It is appropriate. Being Haresh Sharma fits into the director's current interest in reworking canon.
Last year, she reinterpreted Ophelia from Hamlet and Greek tragedy Electra. In Being Haresh Sharma, there are interpretations of what it means to be, say, a Malay woman in Singapore, as seen in Sharma's plays.
Siti Khalijah Zainal replays her roles as a maid from Sharma's Model Citizens, a politician from his Gemuk Girls (2009) and the much-loved schizophrenic from Off Centre. She plays herself, the actress who inspired Sharma to create the acclaimed Best Of in 2013.
Being Haresh Sharma is respectful, irreverent, manic and magical, but it is overlong in its commitment to displaying and dissecting his works.
A similar work-in-progress directed by Koh Wan Ching earlier this year (precise purpose of being broken) faced similar problems: There is too much for a single evening, especially when scenes continue to pluck the same note of emotional intensity. Even comic sketches buzz with underlying horror.

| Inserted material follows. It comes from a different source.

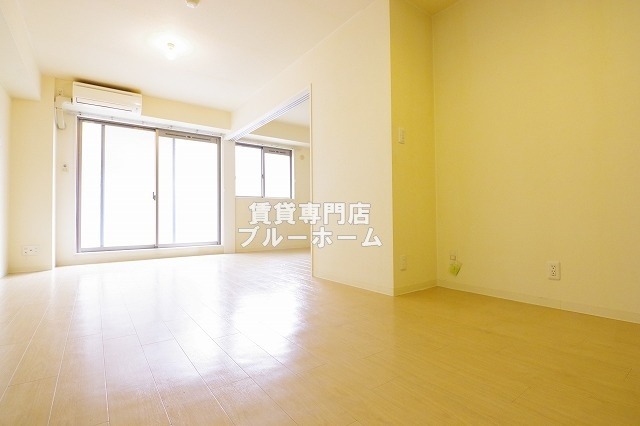 居室・リビング　10帖以上ある広々としたお部屋です！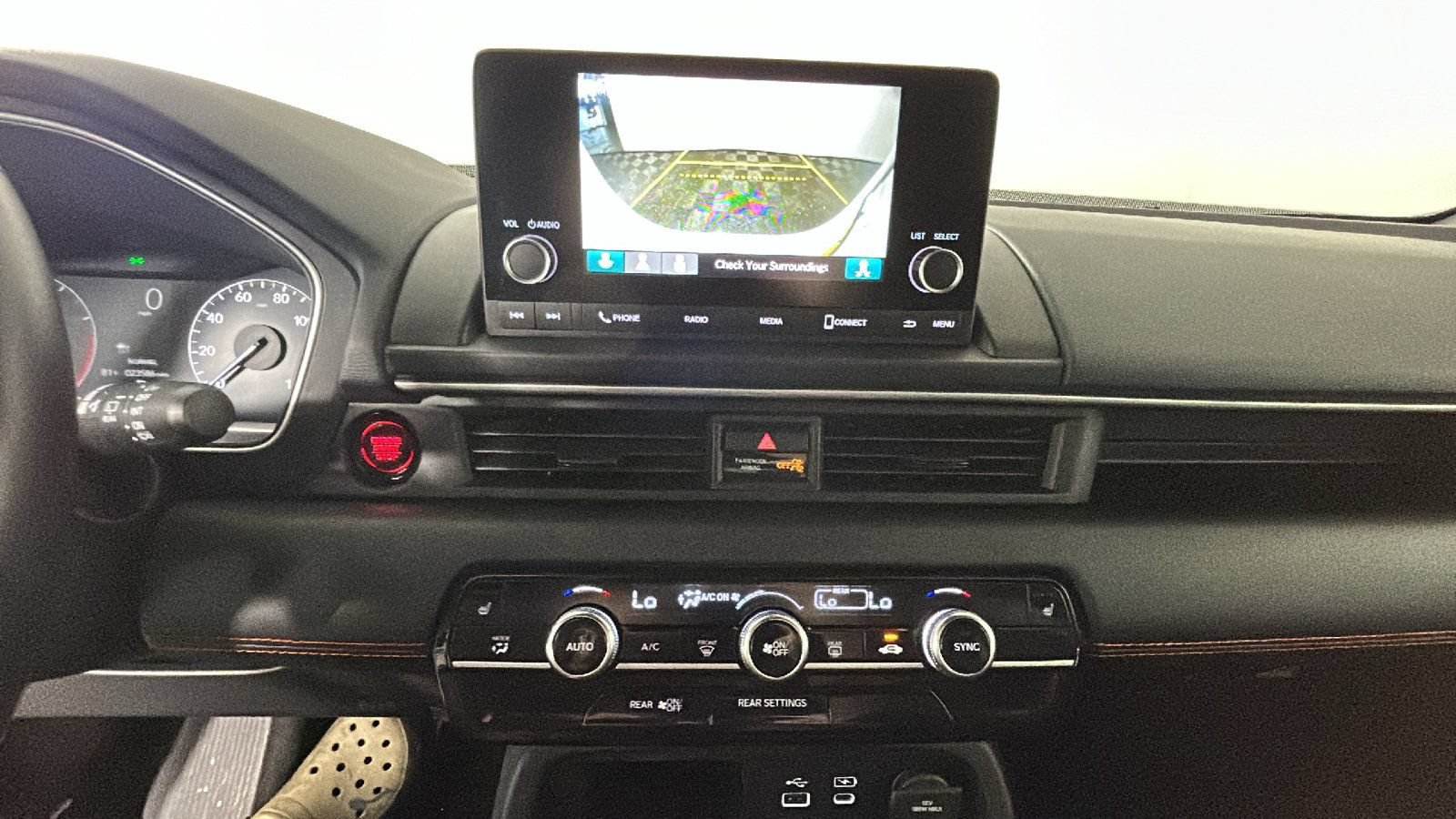 Used 2025 Honda Pilot Sport image 26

This is still a must-watch work that celebrates The Necessary Stage's past and triumphantly declares a manifesto for the present and future of theatre-makers in Singapore.
When Karen Tan, Ghafir Akbar and Jean Ng enact scenes from Still Building, a video of Tan's earlier work in the 1992 staging plays in the background. When the actors end the evening by re-enacting the titles of Sharma's plays, they no longer do so for pure, comic effect. They chant until the lights fade, calling to life texts that are still to be written.